In order to compare the LURE index with other similar composite indicators, a normalization of the ten sub-indexes was performed. The standard deviation from the mean procedure (Z-score) was the approach selected to create the LURE index.

The Z-score procedure was defined as:

    x--¯x-
z =   s

Where z is the standard score, x the actual value, x the mean value of the actual values, and s the corresponding standard deviation.

FA was the technique selected for the weighting of the ten sub-indexes of the LURE index because it is the most common method used in other similar LURE indexes. The linear aggregation method (weighted mean or arithmetic average) was used to create the LURE index. Linear aggregation’s properties made it suitable for the characteristics of the dataset of the LURE index.

The linear aggregation used to create the LURE index is defined:

        n
Index = ∑ wkxk   where 0 ≤ wk ≤ 1  and   ∑  wk = 1
       k=1                               k

Table 2 shows an example of the calculation of the index for the City of Roman Forest:


Table 2: An example of the index calculation
Subindexes LGI LPAI LPAIR LAHI DRI LSRI OSI EI SRI LSDPI Index
FA weights .09 .04 .05 .16 .24 .07 .12 .04 .11 .08
Z-score -.86 .80 .99 -.18 3.35 .69 .86 .70 -.35 1.26
-.08 .03 .05 -.03 .80 .05 .10 .03 -.04 .10 1.02

4 The LURE index and its ten sub-indexes

The creation of the sub-indexes was a straightforward process because most of the score units for the indicators were the same. There was no need for the normalization of values. The advantage of this approach is that the richness of the values is preserved (Nardo et al. 2004).

4.1 Sub-index descriptions

Local Government Sub-Index (LGI). Only the variable “category of municipality” defined this sub- index. If a municipality is a home rule jurisdiction, then a value of 1 is received. If general law is the answer, then a value of zero is recorded. It is assumed that the ability of home rule jurisdictions to implement their own regulations allows them to have a more direct effect on housing markets, as opposed to general law jurisdictions.

Home Rule = 1 General = 0

Local Planning Approval (LPAI). Five items are used to create this sub-index. Jurisdictions are asked if they have a: 1) zoning commission (LPAIzc); 2) planning commission (LPAIpc); 3) historic commission (LPAIhc); 4) board of adjustments (LPAIba); and 5) neighborhood zoning areas (LPAInza).

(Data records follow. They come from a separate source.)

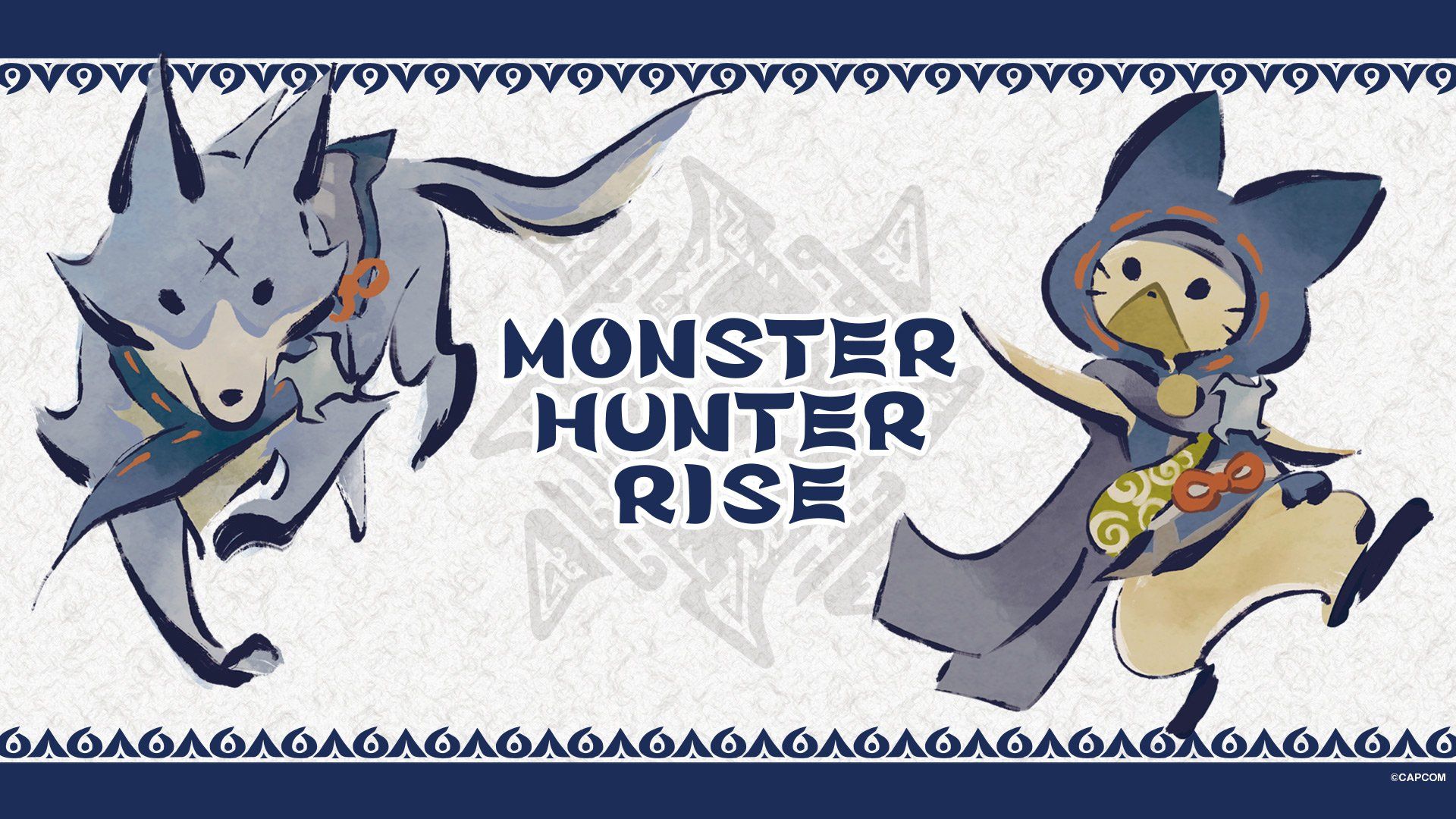 1920x1080 Monster Hunter Rise: Stylish HD Wallpaperx1080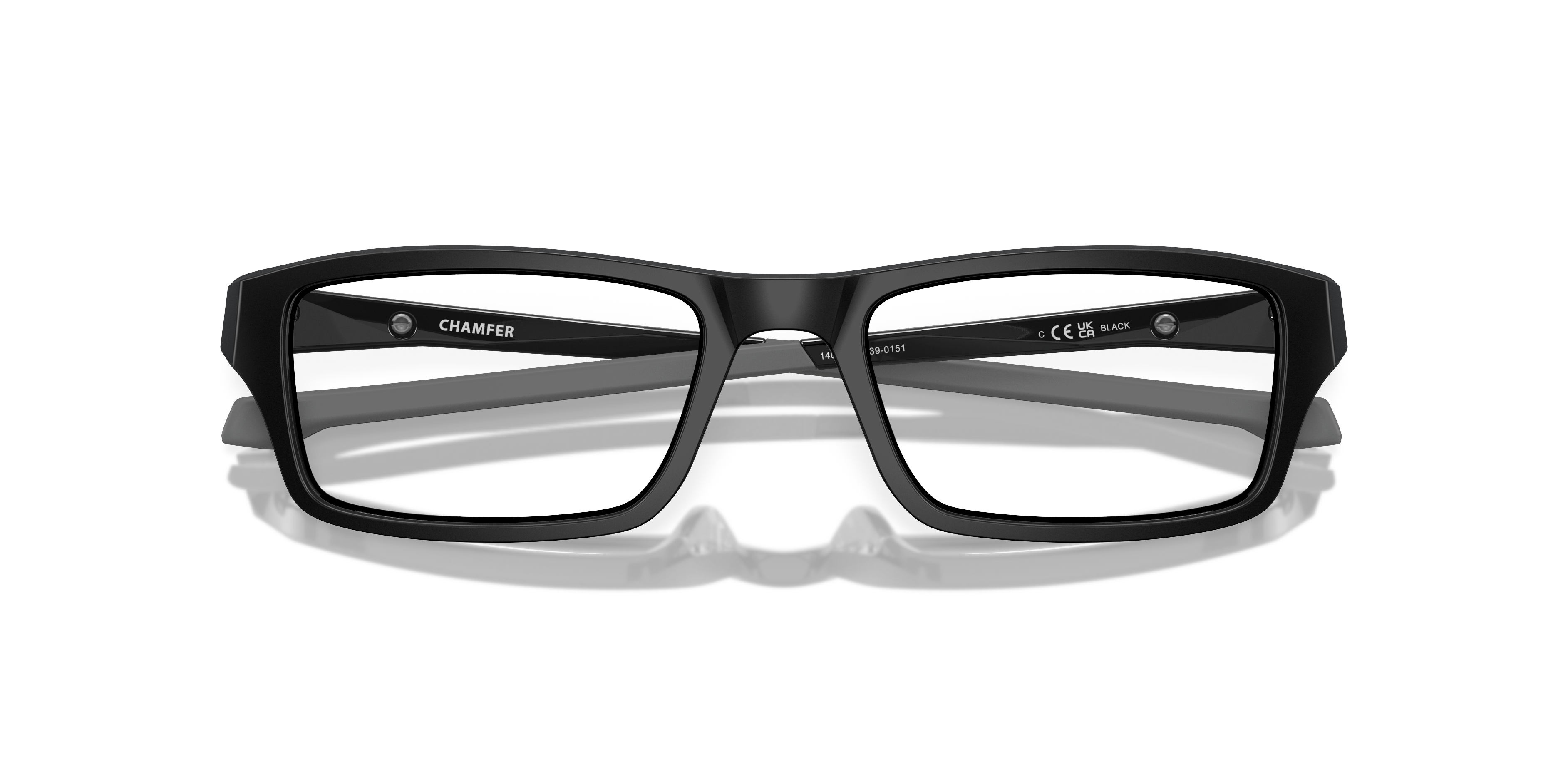 Oakley OX8039 Chamfer Men's Rectangle Eyeglass Frames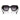 Miu Miu Sonnenbrille MUB05S 16K90A Schwarz Grau Verlauf Damen 5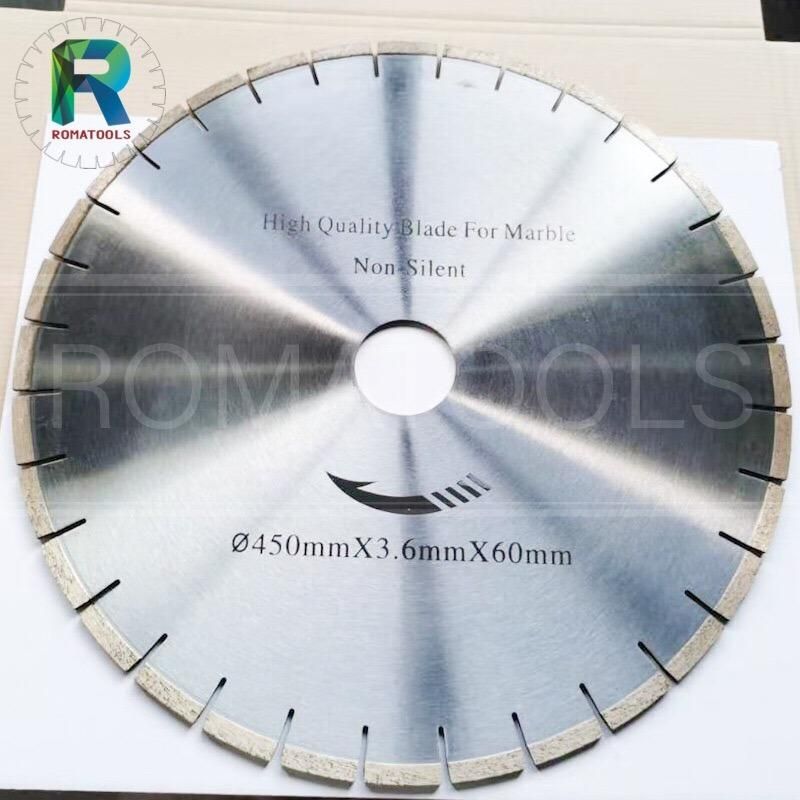 Romatools 18inch 450mm Marble Section Blade From Pakistan Market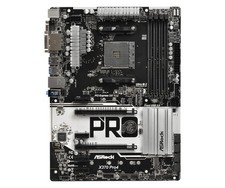 ASRock X370 Pro4 Motherboard AMD X370 Socket AM4 4 x DDR4 M.2 ATX D-Sub DVI-D picture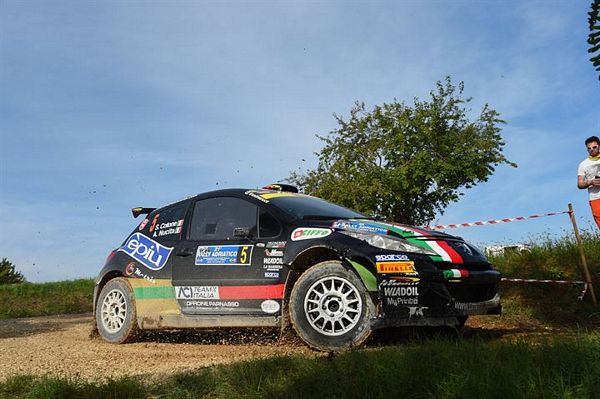 Nucita esperienza ai vertici nel Campionato Italiano Rally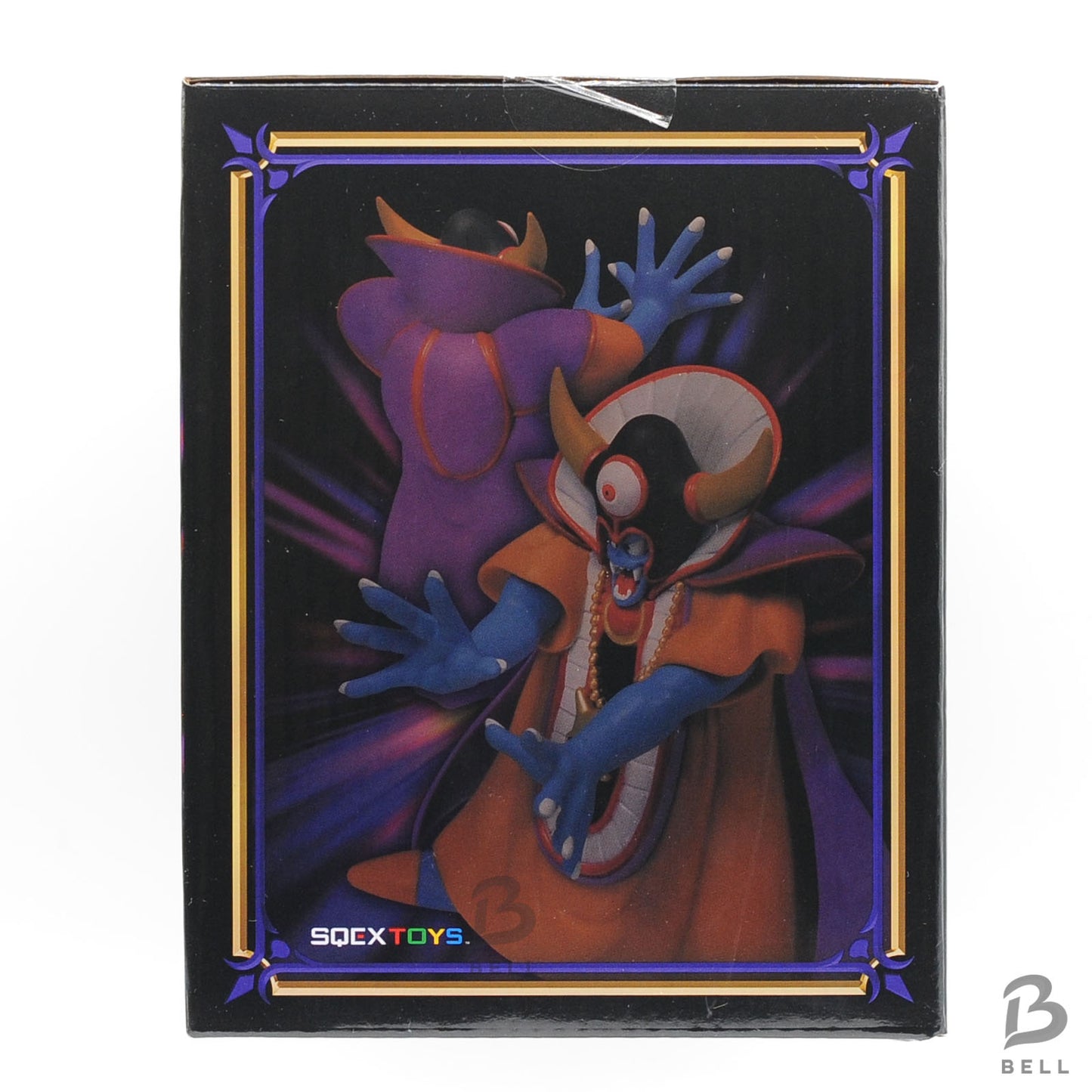 Dragon Quest Sofubi Monster Figure Demon King Zoma Square Enix III sealed new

Whenever the response is a “yes” regarding any of those entities, a score of “1” is received. The assumption is that the more entities involved in the regulatory process, the greater the impact on housing markets. The LPAI sub-index could be summarized as:

LPAI = LPAIzc + LPAIpc + LPAIhc + LPAIba + LPAInza

Local Planning Approval Requirement (LPAIR). The LPAIR sub-index is formulated based on answers to questions about the existence in jurisdictions of: 1) comprehensive (master, general) plan (LPAIcp); 2) zoning ordinance (LPAIzo); and 3) other ordinances governing plats, land development and subdivisions (LPAIoo); and if the jurisdiction is a unit in which the county applied its own subdivision provisions to new developments (LPAIosp).

LPAIR = LPAIcp + LPAIzo + LPAIoo + LPAIosp

Local Affordable Housing (LAHI). This sub-index is based on answers to questions about whether: multifamily housing units have been built in the last two years (LAHImh); manufactured and modular housing have been added to the jurisdiction in the last two years (LAHImm); and if developers are required to include “affordable housing” (LAHIah).

LAHI = LAHImh + LAHImm + LAHIah

This is the only case where responses of “no” added a value of 1 to the sub-index. The assumption is that communities not adding either multifamily or manufactured housing to their development are likely restricting the production of affordable housing.

Density Restriction (DRI). Three questions are used for this sub-index: minimum lot size for single family units within the city limits (nlDRImlsfu); minimum lot sizes for single family units within the city’s extraterritorial jurisdiction (nlDRImlsfuetj); and minimum floor area for single family units within the city limits (nlDRImfasfu).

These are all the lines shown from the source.